Todo les iba bien: vendían discos a cascoporro, se curraban buenas giras y la gente les quería un montón porque además de hacer buena música eran super amables y llanos.
El caso es que Ingo tenía problemas de depresión desde siempre y la fama no le ayudó. Se encerraba en sí mismo y a veces se aislaba hasta tal punto que no podía ni actuar. Cuando os digo que la fama no le ayudó es porque, además de su inestabilidad mental, desarrolló un problema con las drogas bastante heavy.
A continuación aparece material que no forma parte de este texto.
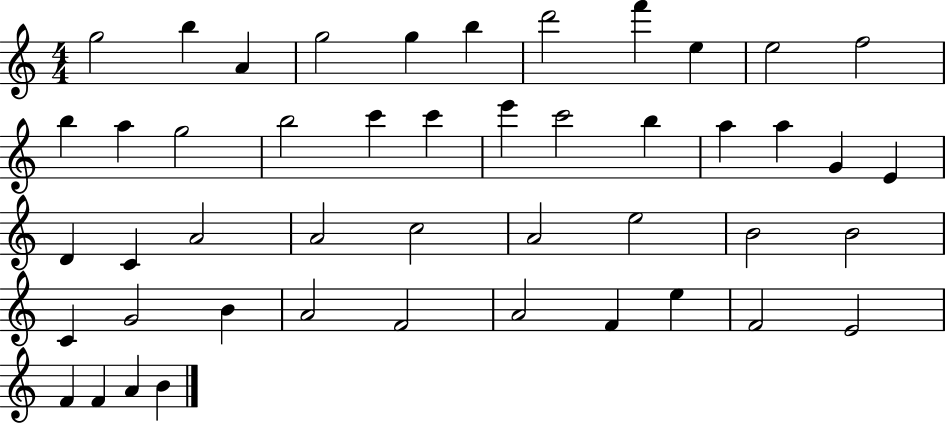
{
  \clef treble
  \numericTimeSignature
  \time 4/4
  \key c \major
  g''2 b''4 a'4 | g''2 g''4 b''4 | d'''2 f'''4 e''4 | e''2 f''2 | \break b''4 a''4 g''2 | b''2 c'''4 c'''4 | e'''4 c'''2 b''4 | a''4 a''4 g'4 e'4 | \break d'4 c'4 a'2 | a'2 c''2 | a'2 e''2 | b'2 b'2 | \break c'4 g'2 b'4 | a'2 f'2 | a'2 f'4 e''4 | f'2 e'2 | \break f'4 f'4 a'4 b'4 | \bar "|."
}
Al principio no pasó nada porque el tío era un crack tocando: la rapidez con la que tocaba dio pie a un nuevo estilo que los frikis amantes de etiquetar llamaron "speed metal" y siempre tenía buenas palabras y gestos para con la prensa y con los fans, pero de puertas adentro su mundo se derrumbaba sin motivo alguno aparente. Tal fue el desequilibrio que entre tanto caballo y llanto acabaron diagnosticándole una esquizofrenia como una casa. Sus ataques cada vez eran más continuos y no paraba de ponerse ciego todo el puto día así que el grupo le echó cuando estaban en el apogeo de su carrera. 
Los Helloween siguieron tocando y triunfando y de Ingo poco se supo hasta que, años después, se tiro a las vías del metro de Hamburgo luciendo una camiseta con una calabaza estampada.